Bobby-Jo Williams Ferrell, 54, says her father wanted to be cremated and have his ashes sprinkled over the Florida Keys. She says her 33-year-old half brother intends to somehow make a profit by putting their father in the deep freeze. A death certificate filed Friday, a week after his death, confirms that Williams' body was moved out of state.
Attorneys for Ted Williams' estate will ask a Florida court to decide the matter when a will is filed, as early as Monday. A third sibling, Claudia, is said to have sided with her brother.
John Henry Williams' relationship with his father was complex — at times loving, at other times tense, according to interviews with former Williams employees. It was a relationship that started with Ted Williams having little presence in his son's childhood and ended with his son being in almost total control of his father's life.
"He took over Ted's business affairs, his household affairs and he just became the boss," said Kay Munday, 68, who managed Williams' household from 1989 to 1995. "I would ask Ted something and he would say, `Let John Henry handle it,' and I would have to go through John Henry."
John Henry Williams saw little of his father after his parents divorced when he was 4. He grew up in Massachusetts and attended school in Maine.
He became part of Ted Williams' life in the early 1990s after the slugger's romantic companion, Louise Kauffman, died.
"I think, maybe, when he grew up, and they got together, Ted was trying to make up for the lost years," Munday said. "Before that, Louise was kind of an intermediary between John Henry and Ted."
Once he was in control of his father's life, John Henry Williams kept Ted Williams busy autographing baseballs, bats and shirts, said Jack Gard, 59, who worked as a health aide to Ted Williams between 1998 and 2000.
"His son tried to be there every morning," Gard said. "He would call me and say, `Is Dad out of bed yet? We're going to do some signing. Get him ready."'
The signing of memorabilia was a constant activity, Munday said.
"Sign, sign, sign. They would do it for hours at a time until the man was so tired he couldn't write anymore," she said. "He pushed and pushed his dad to do all this stuff and of course it was for money. The ultimate thing was money."

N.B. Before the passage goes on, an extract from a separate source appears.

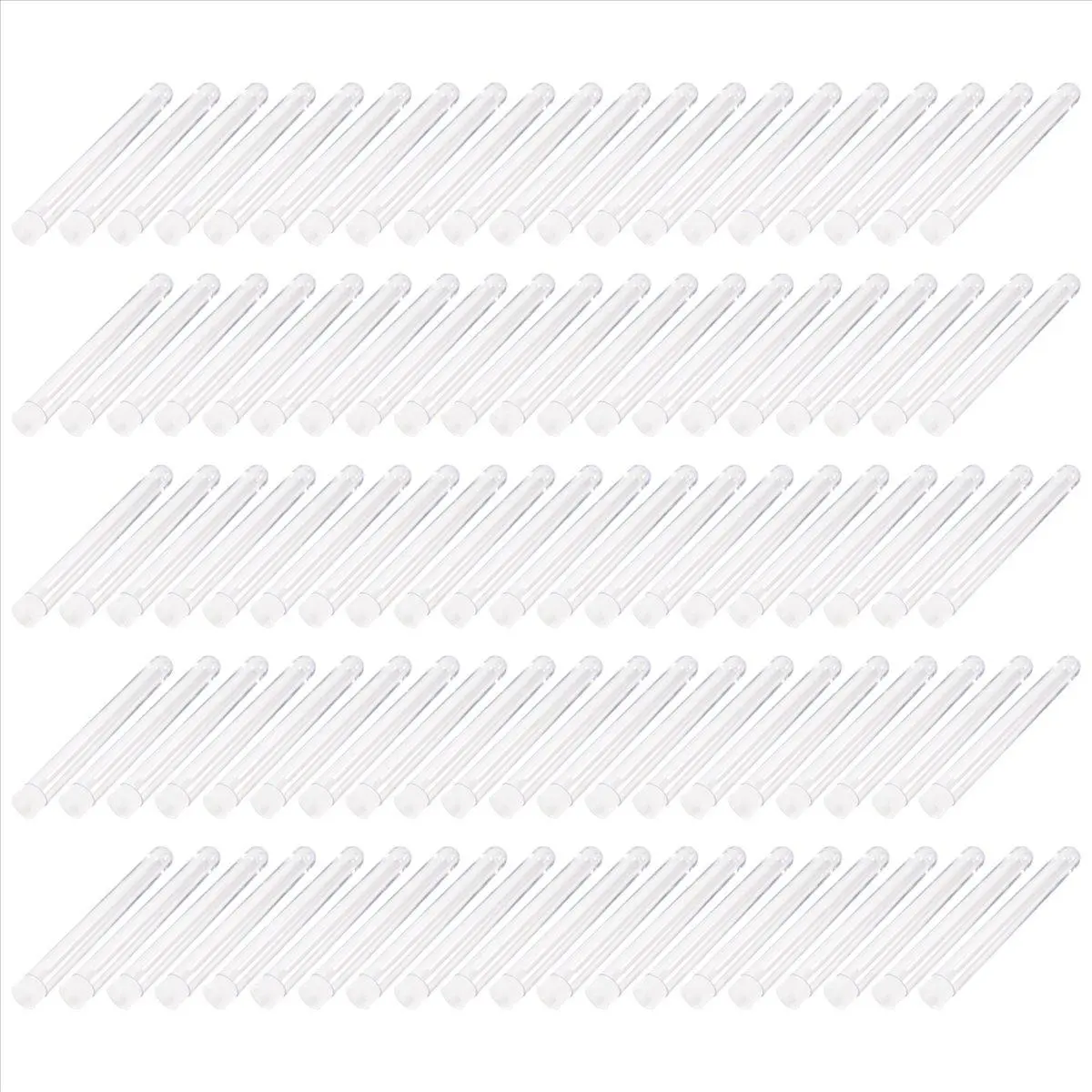 100Pcs 12X100mm Transparent Laboratory Clear Plastic Test Tubes Vials with Push Caps School Lab Supplies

There were times that Ted Williams got angry and refused to sign anything.
"John Henry would storm out of the house," said Gard, who was fired by John Henry after the son accused him of trying to sell Ted Williams memorabilia.
Gard said John Henry Williams installed video cameras inside the house to make sure employees didn't take memorabilia.

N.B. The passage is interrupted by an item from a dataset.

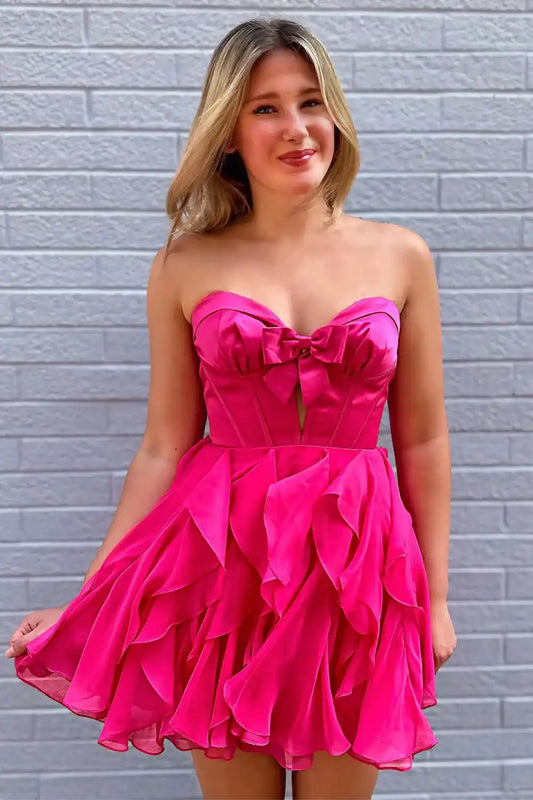 Pink Cut Out Strapless Homecoming Dress With Bow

Four years ago, an employee reported John Henry Williams to the Department of Children & Families over the way he was treating his father, but investigators found nothing wrong.
Neither John Henry Williams nor his attorney returned calls seeking comment for this story.
At one point, John Henry Williams sued Claudia Williams for selling autographed bats Ted Williams had given her. Ferrell said her half-brother cut her off from her father last year after she wouldn't go along with the cryonics plan.
Court records — and the actions of the younger Williams — show that he attempted for years to make money on the legacy of his father.
His Internet company, Hitter Inc., filed for bankruptcy in 2000 after losing $65,300 in 1997, $858,630 in 1998 and $2.5 million in 1999, according to court records filed in U.S. Bankruptcy Court in Orlando. A reorganization plan was approved last December.
Over the past several years, Hitter and another company, Green Diamond Sports Inc., have been subjected to liens from the IRS totaling $233,000.
Last year, a company sued John Henry Williams for failing to pay more than $122,500 for leased equipment. In addition, SunTrust Bank sued him this year for defaulting on a $570,000 loan for Hitter and failing to pay back more than $9,000 in credit card debt.
Ted Williams lost several hundred thousand dollars in an investment account he put up as collateral for the loan when the bank liquidated it, according to state court records.
At the 1999 All-Star game at Fenway Park in Boston, John Henry Williams had his father wear a T-shirt and hat advertising his business during a nationally televised ceremony honoring baseball's greatest players.
John Henry Williams was a no-show at this week's All-Star game in Milwaukee, where Ted Williams' life was remembered by fans.
"Ted could never see anything wrong in what John Henry was doing," Munday said. "He always had faith in him for one reason or another."